Enfin la troisième période qui semble s’étendre jusqu’à la période présente, et qui est particulièrement intéressante, il a été évoqué des choix osés. Je parlerai plutôt de diversification des partenaires, et donc ce choix du multi-dépendance, d’un multi-alignement, on le verra tout à l’heure avec la Chine. Mais l’idée me semble-t-il est de multiplier ces dépendances, les mettre en concurrence, pour s’assurer sa souveraineté et son autonomie. […] Les États-Unis, l’Arabie saoudite, les pays du Golfe, avec beaucoup d’IDE à partir de 2003, puis ensuite avec la Chine. Concernant les pays du Golfe, notamment avec les Émirats on voit avec les dernières actualités que celles ci sont ambivalentes. Ce qui est intéressant, c’est que cette diversification, va permettre à Djibouti d’éviter une relation de type prédatrice, ainsi qu’une asymétrie bilatérale qui serait à son désavantage. On pourrait se demander si l’on ne risque pas de retomber dans le travers là, de la dépendance, avec la Chine ces derniers temps avec la question de la dette. Donc diversification des tendances ! […]

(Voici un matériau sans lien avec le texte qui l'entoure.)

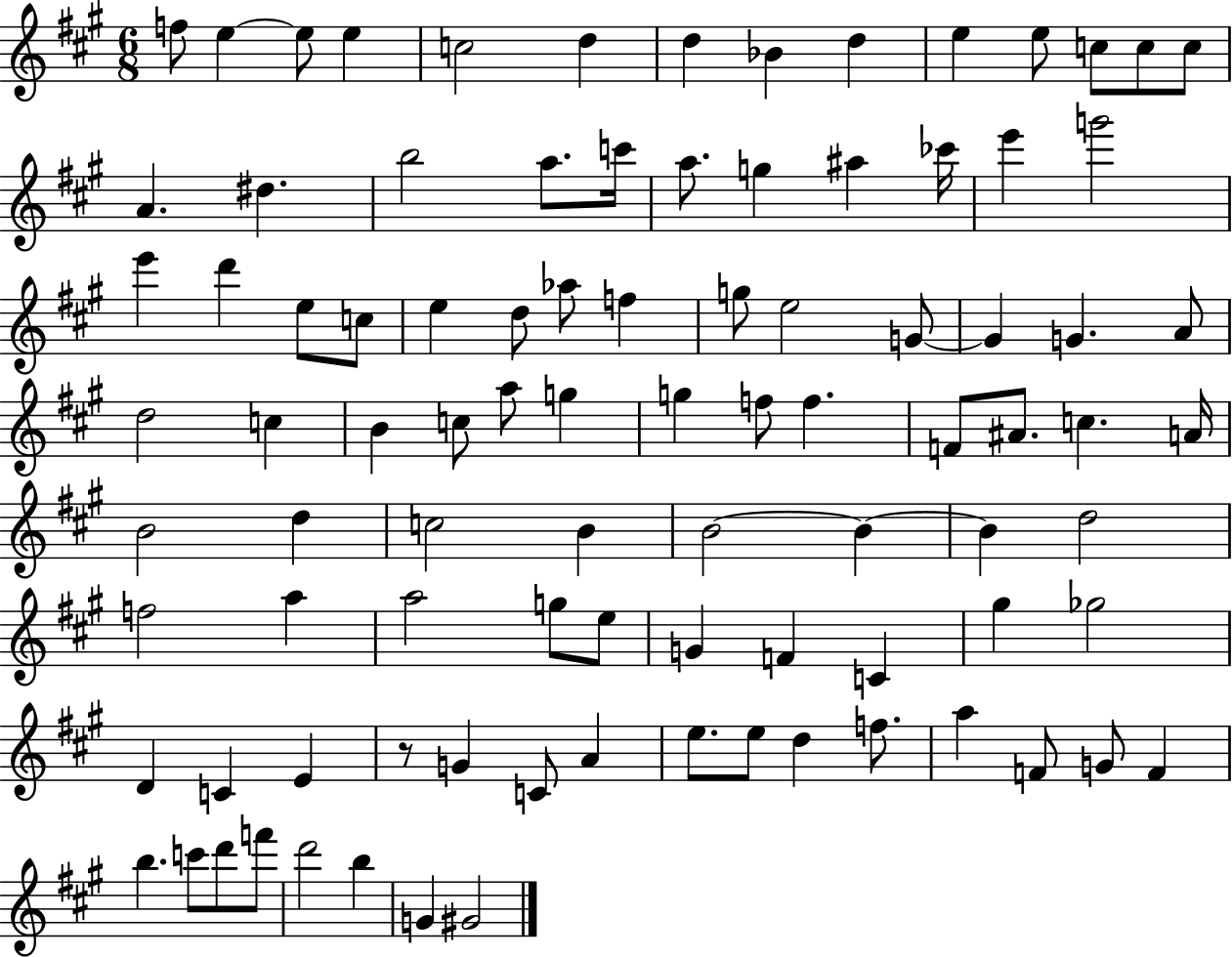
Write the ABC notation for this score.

X:1
T:Untitled
M:6/8
L:1/4
K:A
f/2 e e/2 e c2 d d _B d e e/2 c/2 c/2 c/2 A ^d b2 a/2 c'/4 a/2 g ^a _c'/4 e' g'2 e' d' e/2 c/2 e d/2 _a/2 f g/2 e2 G/2 G G A/2 d2 c B c/2 a/2 g g f/2 f F/2 ^A/2 c A/4 B2 d c2 B B2 B B d2 f2 a a2 g/2 e/2 G F C ^g _g2 D C E z/2 G C/2 A e/2 e/2 d f/2 a F/2 G/2 F b c'/2 d'/2 f'/2 d'2 b G ^G2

Confronté à un dilemme, en jouant la carte politique de la dépendance, le régime djiboutien tente d’accroître son pouvoir, tout en diversifiant ses partenaires, et en gérant cette dépendance au travers des rentes. Donc pour Djibouti la dépendance est devenue un mode d’action, une stratégie inconsciente, compensatoire de sa vulnérabilité. Moi ce qui m’intéresse, c’est cette inversion du regard. Si l’on prend le cas djiboutien, le pays a trois handicaps, d’abord un petit État est toujours le maillon faible dans une relation entre États, ce qui explique qu’il ait du mal à exercer son influence au niveau international. C’est pourquoi les petits État souffrent, de surcroît en développement, de la faiblesse de leur réseau au niveau international, de budget limité pour leur diplomatie, de capacité humaine réduite pour recruter, et donc cela ne leur permet pas d’être présent sur tous les forums, d’avoir du renseignement, de l’information, comparé à d’autres puissances. Cela impacte le niveau d’influence.

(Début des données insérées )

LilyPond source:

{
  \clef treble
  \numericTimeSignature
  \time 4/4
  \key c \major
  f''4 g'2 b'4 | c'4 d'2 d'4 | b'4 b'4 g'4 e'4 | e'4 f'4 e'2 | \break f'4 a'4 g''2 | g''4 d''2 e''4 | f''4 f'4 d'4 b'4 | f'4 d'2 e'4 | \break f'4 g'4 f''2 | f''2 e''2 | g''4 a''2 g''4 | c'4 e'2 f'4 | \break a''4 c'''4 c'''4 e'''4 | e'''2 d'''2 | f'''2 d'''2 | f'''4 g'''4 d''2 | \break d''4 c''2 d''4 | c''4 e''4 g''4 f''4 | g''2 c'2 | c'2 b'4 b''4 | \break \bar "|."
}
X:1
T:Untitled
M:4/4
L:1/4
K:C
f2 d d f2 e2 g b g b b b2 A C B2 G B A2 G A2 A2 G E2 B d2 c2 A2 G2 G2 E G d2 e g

Le deuxième handicap de Djibouti, c’est de ne pas bénéficier de ressources naturelles importantes, et le troisième handicap, c’est d’être un PMA, un pays les moins avancés, et cela explique une forte vulnérabilité. Lorsque l’on est dans ce type de cas qu’est ce qui reste comme option ? Il y a peu de choix possibles. Qu’est-ce que font les petits pays ? Ils peuvent trouver un protecteur, être un suiveur, on l’a vu ce matin, avec la France, une puissance régionale, et avec le risque latent de la forte dépendance. Ou l’une de ces options que l’on retrouve chez la plupart de ces États, c’est de renforcer les règles du droit international. En général les petits États sont très pointilleux sur les règles du droit international. […]

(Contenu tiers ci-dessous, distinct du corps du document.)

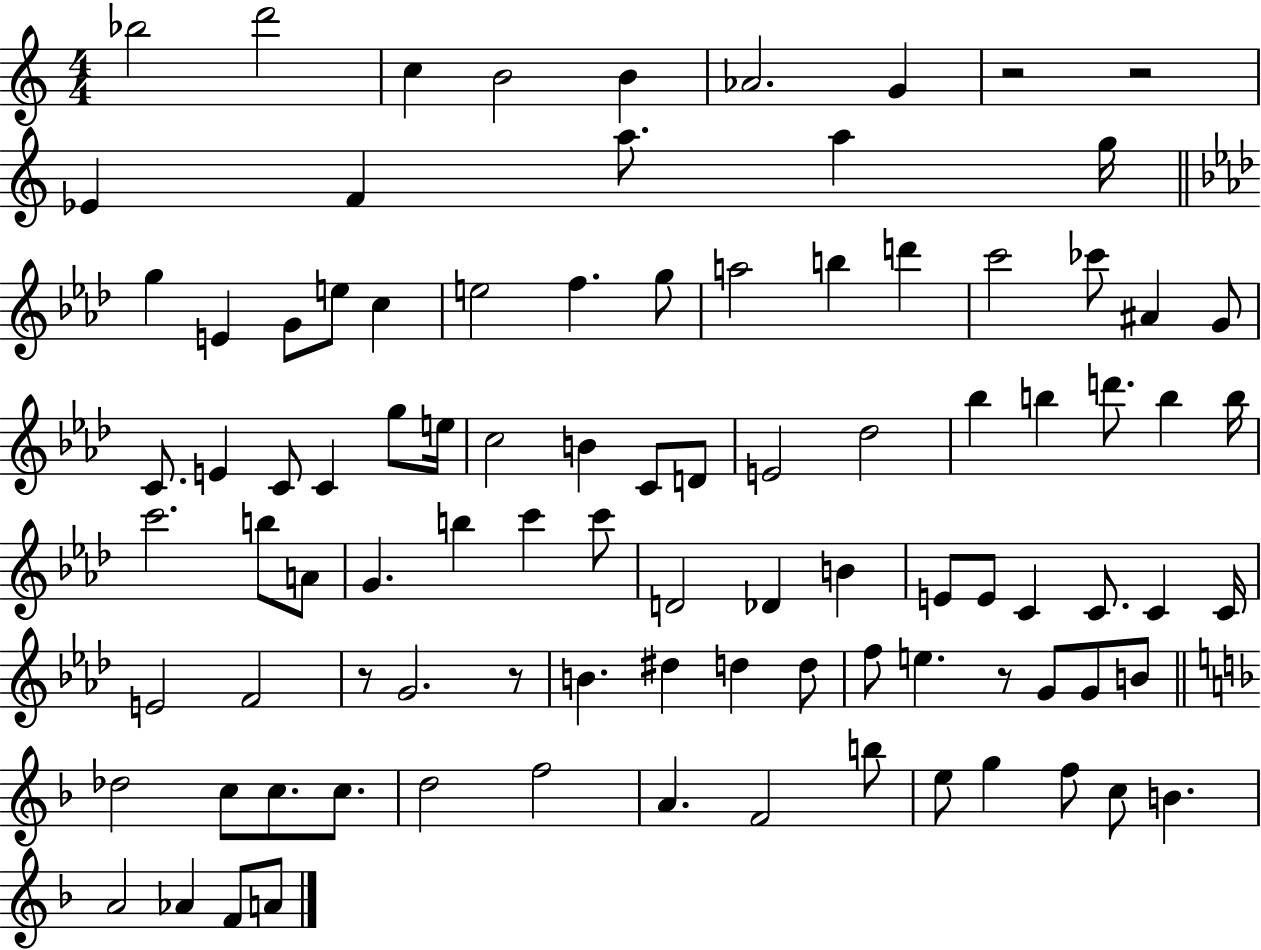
Bb5/h D6/h C5/q B4/h B4/q Ab4/h. G4/q R/h R/h Eb4/q F4/q A5/e. A5/q G5/s G5/q E4/q G4/e E5/e C5/q E5/h F5/q. G5/e A5/h B5/q D6/q C6/h CES6/e A#4/q G4/e C4/e. E4/q C4/e C4/q G5/e E5/s C5/h B4/q C4/e D4/e E4/h Db5/h Bb5/q B5/q D6/e. B5/q B5/s C6/h. B5/e A4/e G4/q. B5/q C6/q C6/e D4/h Db4/q B4/q E4/e E4/e C4/q C4/e. C4/q C4/s E4/h F4/h R/e G4/h. R/e B4/q. D#5/q D5/q D5/e F5/e E5/q. R/e G4/e G4/e B4/e Db5/h C5/e C5/e. C5/e. D5/h F5/h A4/q. F4/h B5/e E5/e G5/q F5/e C5/e B4/q. A4/h Ab4/q F4/e A4/e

Attention néanmoins que ce multi-alignement soit pas remis en cause par une hyper dépendance par rapport à la Chine, et je ne remets pas en question ce que nous avons entendu ce matin. Les Chinois ont été là lorsque les Français étaient aux abonnés absents. Mais attention quand même, plus de 80% de la dette est due à la Chine, il ne faudrait pas retomber dans la dépendance vis à vis d’un acteur, et je rappelle, pour ceux qui connaissent, l’expérience du Sri Lanka.

Réactions

Mohamed Ali Hassan, secrétaire général du ministère des Affaires étrangères

Je voulais apporter quelques petites corrections, notamment à l’intervention de Jean-Pierre Cabestan. Pour la base chinoise, ce n’est pas China Merchants qui l’a construite, mais China State. Le projet d’Obock est un projet inexistant pour nous. Il n’y a jamais eu de discussion avec la partie chinoise sur un nouveau projet militaire à Obock. Enfin vous avez mentionné dans votre intervention que deux avions Mirages 2000 avaient décollé de la base Lemonnier pour survoler la base chinoise. Je trouve cela un peu difficile à faire quand même, car le camp Lemonnier est une base américaine, les Mirages 2000 sont français. Je voulais relever ces quelques points. Sinon je trouvais votre présentation très juste, notamment sur ces aspects économiques et stratégiques. Vous avez également mentionné le projet d’hôpital d’Arta. Il est important pour moi de vous dire que c’est un des rares projets qui a démarré tardivement, ce qui n’est pas le cas des autres projets qu’on a pu réaliser avec la Chine. Pour les chiffres, il serait intéressant de faire la différence entre ce qui est don, prêt, et investissement. C’est une différenciation qui me paraît très importante pour nous tous. Pour les autres projets avec les Chinois, ce sont des projets qui ont plutôt bien réussi, notamment pour ceux que les Chinois appellent l’aide financière non remboursable. Vous en avez cité quelques uns, et non ce ne sont pas tous des éléphants blancs. Pour l’hôpital d’Arta, le chemin de fer, l’oléoduc d’eau ou certains projets d’investissements, nous avons connu des gros retards, mais tout cela va tranquillement se mettre en place.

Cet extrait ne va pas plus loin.